Intel X710 10gbps NIC with Cisco Nexus LINK problem

We need to replace our cluster gws.

we install gaia 3.10 R80.30 take 196 on 2x Dell R640 with X710 10gb NIC.

the nic have been correctly recognized by gaia but the 10g link to our nexus switch is down.

below the configurations

Nexus

interface Ethernet1/36
description TEMP FW
switchport
switchport access vlan 10
spanning-tree port type edge
flowcontrol receive on

speed 10000
no shutdown

transceiver is present
type is SFP-H10GB-AOC10M
name is CISCO-AVAGO

 

GAIA

set interface eth0 link-speed 10G/full
set interface eth0 state on
set interface eth0 auto-negotiation off
set interface eth0 mtu 1500
set interface eth0 ipv4-address 1.1.1.1 mask-length 24

 

Do we need particular dac cables?

any suggestions?

thank you

0 Kudos
1 Reply
Timothy_Hall
Champion
Champion

It could be due to LLDP or the transceiver you are using, see this excerpt from the third edition of my book:

Click to Expand

Cisco Nexus Interoperability Tips

As someone who has done a lot of work with a variety of Cisco devices over the years,
and held many Cisco-related certifications including a CCNP at one time, it pains me to
write this section of the book. Unfortunately Cisco’s Nexus products in particular are
becoming increasingly picky about which third-party (i.e. not Cisco) NICs they will
operate with by default. This has led to odd stability & performance problems between
Check Point firewall appliances that employ advanced NICs such as those manufactured
by Mellanox. These are typically 25Gbps or faster cards installed into the expansion
slots of the newest Check Point appliances.

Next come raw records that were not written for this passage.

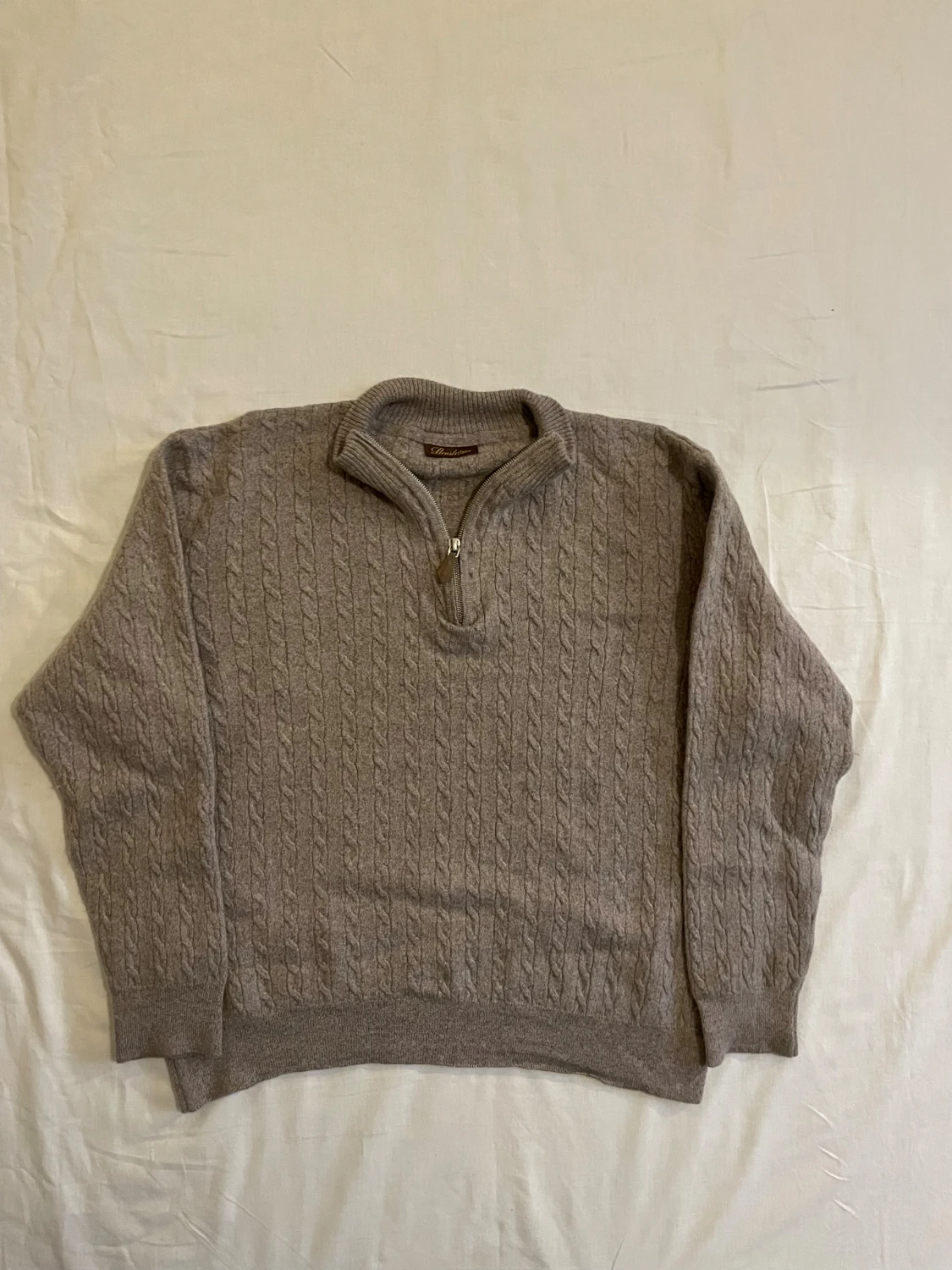Beige kabelstickad half zip från Stenströms - 1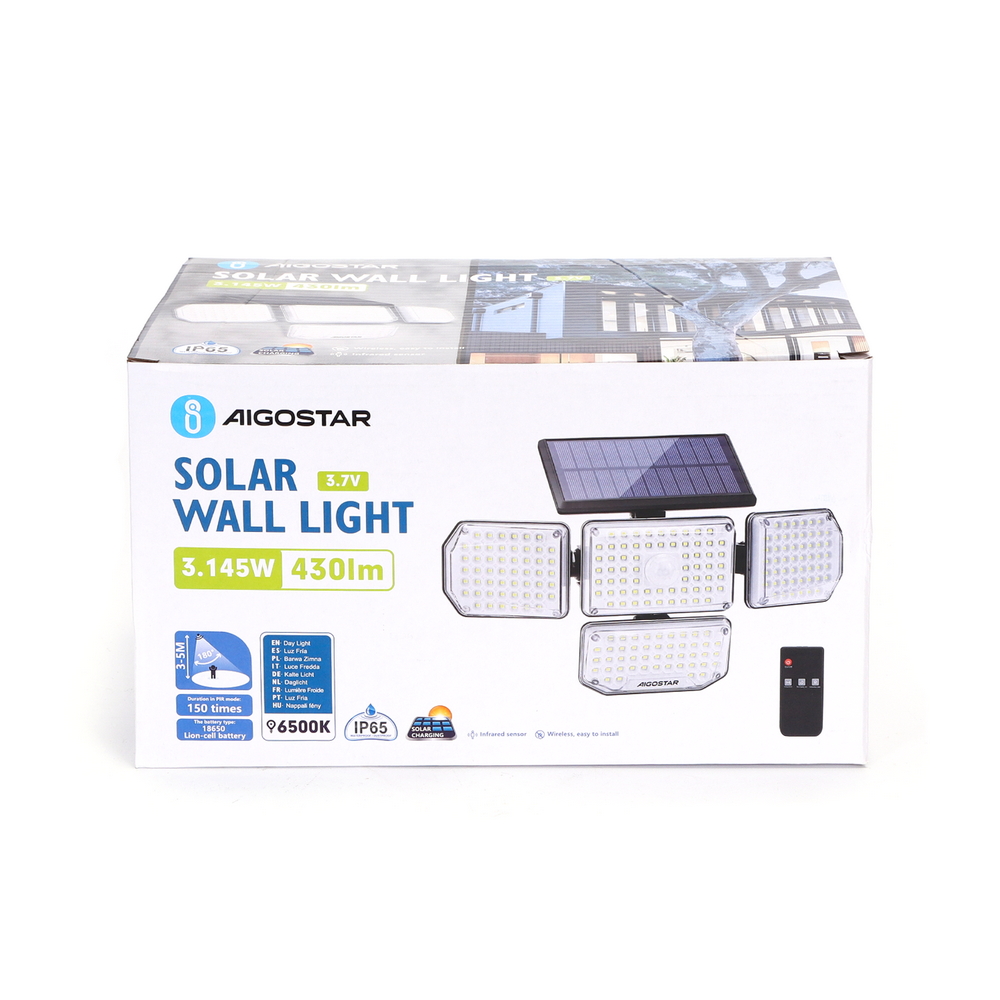 Faro Led con pannello solare 214 Led IP65 Bianco freddo 6500K faretti orientabili con telecomando sensore crepuscolare e di movimento Aigostar - Foto 6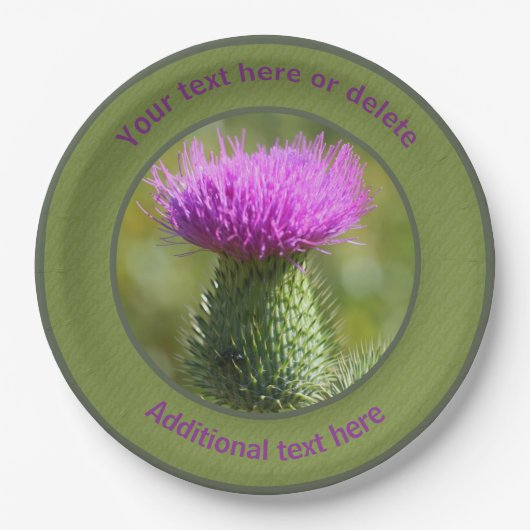Thistle Flower Gepersonaliseerde Partij Papieren Bordje (Voorkant)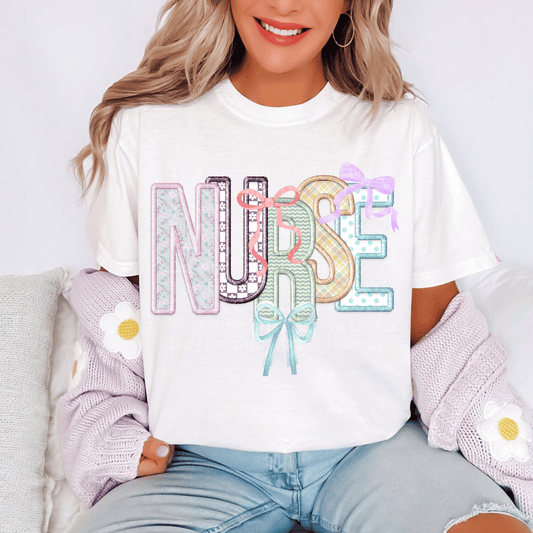 Nurse Spring Bows DTF Transfer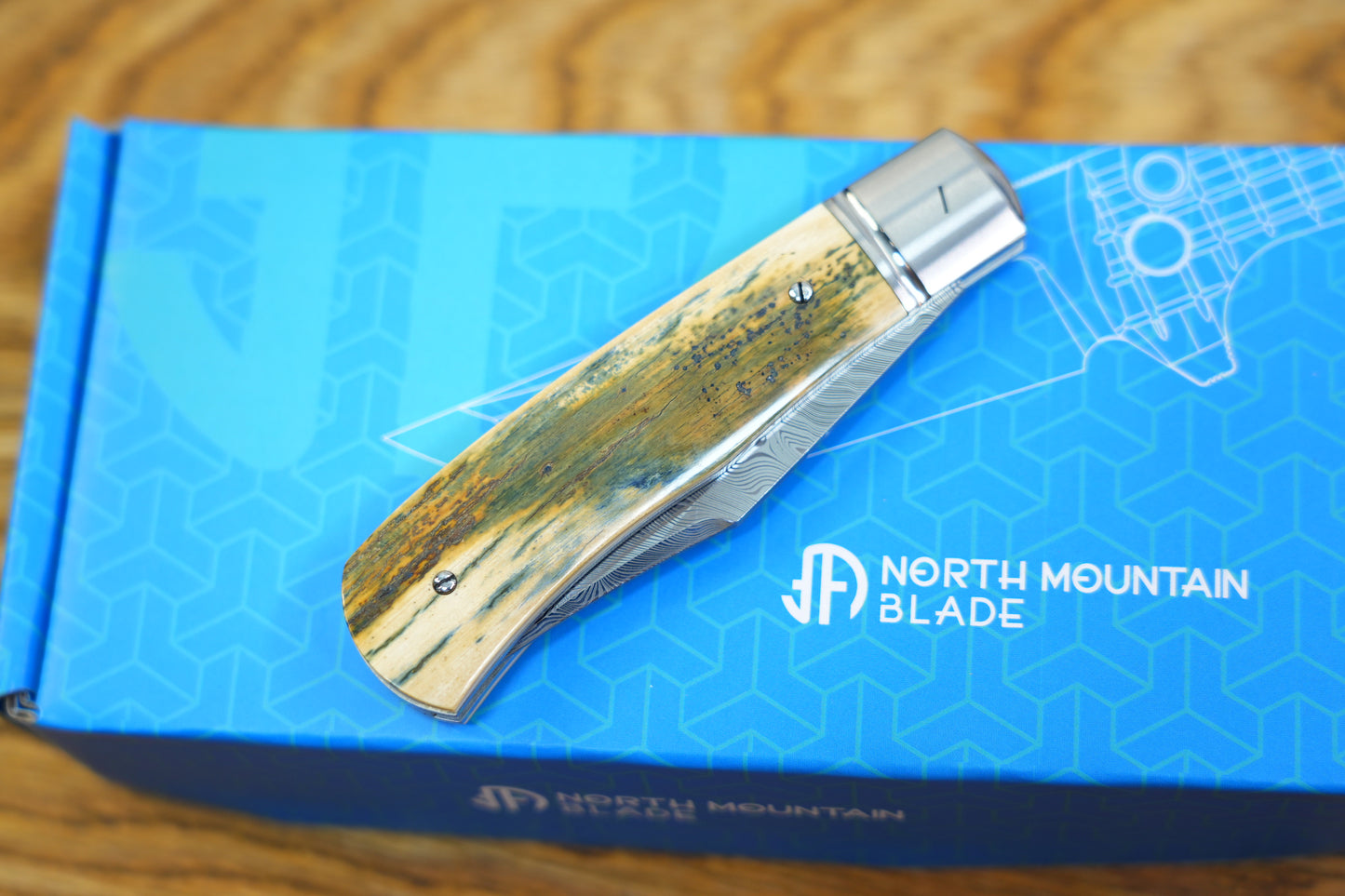 【Lanny】Damasteel blade Steel Frame Mammoth Tusk Handle Non-locking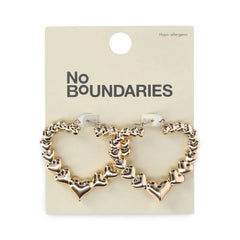 No Boundaries Gold Tone Heart Hoop Earrings, Women’s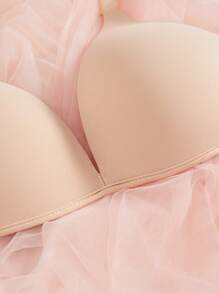 3 件装 V 型女士舒适睡眠无钢圈软杯纯色文胸内衣 - 黑色 - 查看 4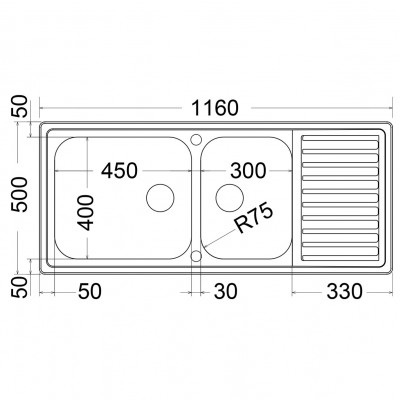 Ανοξείδωτος νεροχύτης Apell Anniversario 8116-110 (116x50) Λείος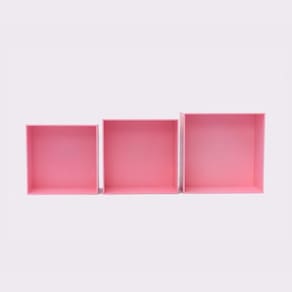 Kit Trio De Nicho Médio Decorativo Quarto/sala 100% Mdf Rosa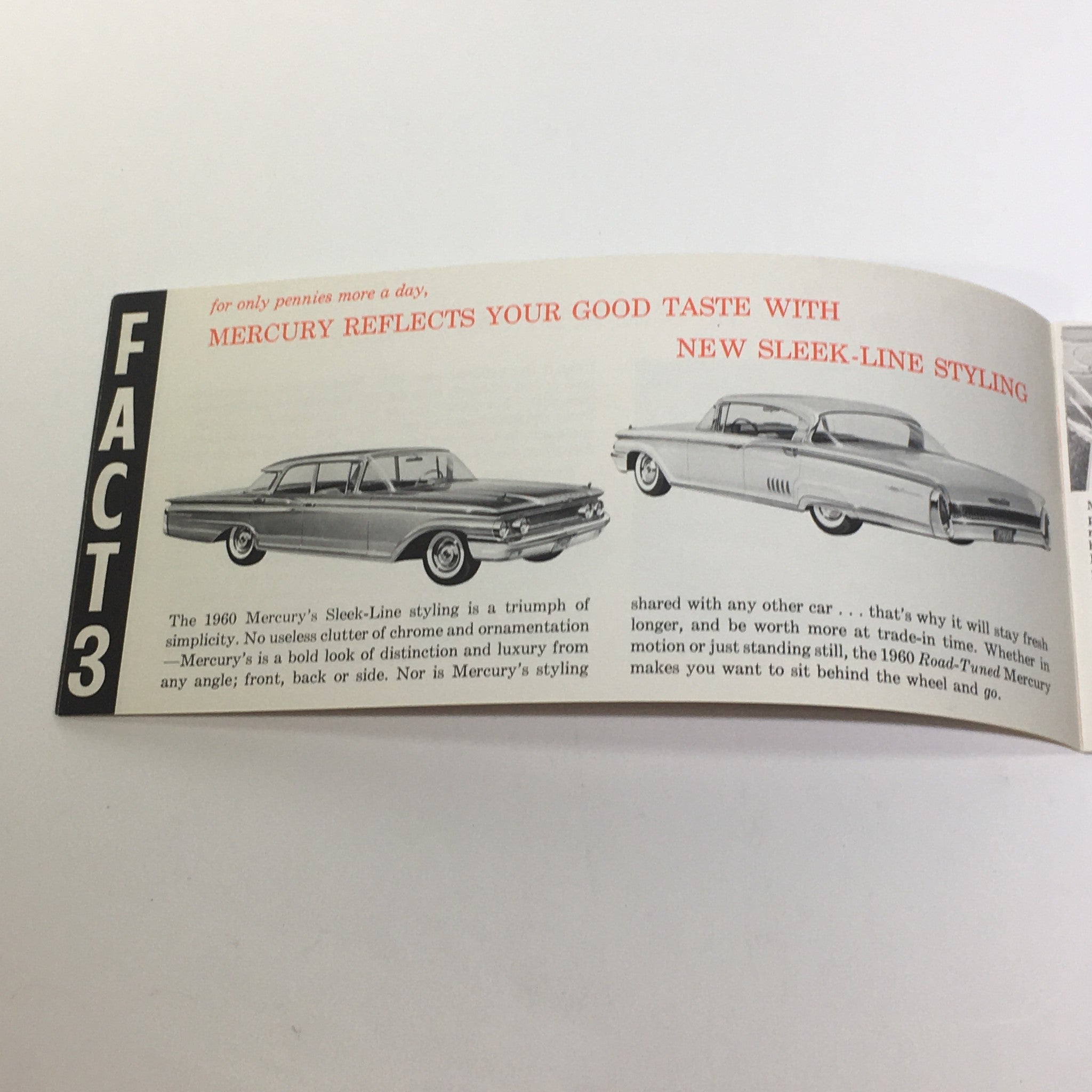 1960 Mercury Sleek-Line Styling V8 Engines 3-Speed Gear Set Car Catalog Brochure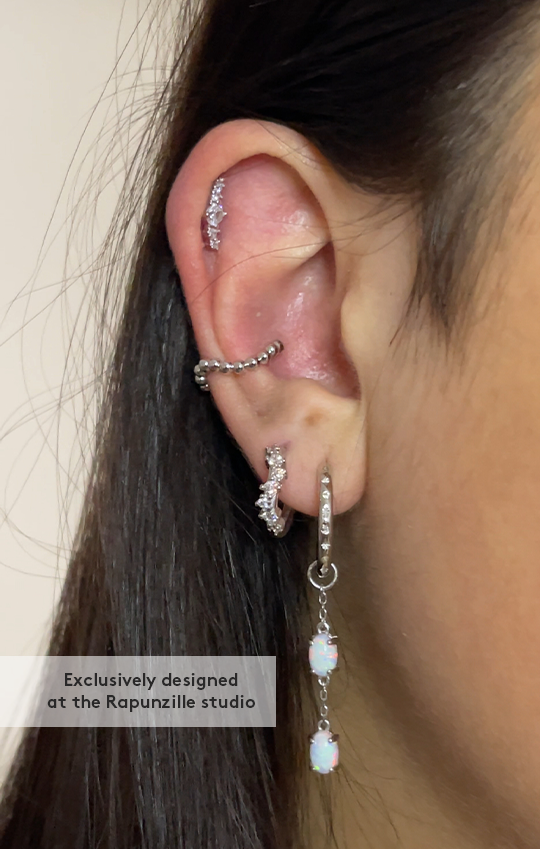 Glaze Beaded Cartilage Hoop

If you have attached one of these Mellanox cards to a Cisco Nexus device and are
seeing carrier flaps on the interface, or better yet it refuses to link up at all (my personal
favorite), you may need to run these commands on the Cisco Nexus side to get things
working and stable:

service unsupported-transceiver
no lldp transmit
no lldp receive

See these SKs for the latest updates: sk117676: Is Link Layer Discovery Protocol
( LLDP ) supported on Gaia? and sk163267: LLDP issue with Intel X710 10G NIC
connected to Cisco 5K Switches.

In addition I’ve seen some rather odd auto-negotiation issues when attached to a
Cisco switchport, where the Check Point interface must be manually set to the desired
maximum speed instead of the default setting of “Auto”. Duplex negotiation is
mandatory in the Gigabit Ethernet specification, so doing this should not result in a

dreaded duplex mismatch condition (covered later in this chapter), but hard-coding the
interface speed should only be done as a last resort if you can’t get link established.

Finally, some devices such as the Cisco Nexus 7000 will drop multicast traffic that
uses a multicast MAC address, if it does not also use a “traditional” Class D multicast IP
address (224.0.0.0-239.255.255.255), which happens to be the default behavior for
ClusterXL. This situation will cause interface flaps in ClusterXL and lead to cluster
instability. See the following SK to change this behavior: sk115142: Switch drops
Check Point CCP packets when CCP is working in multicast mode.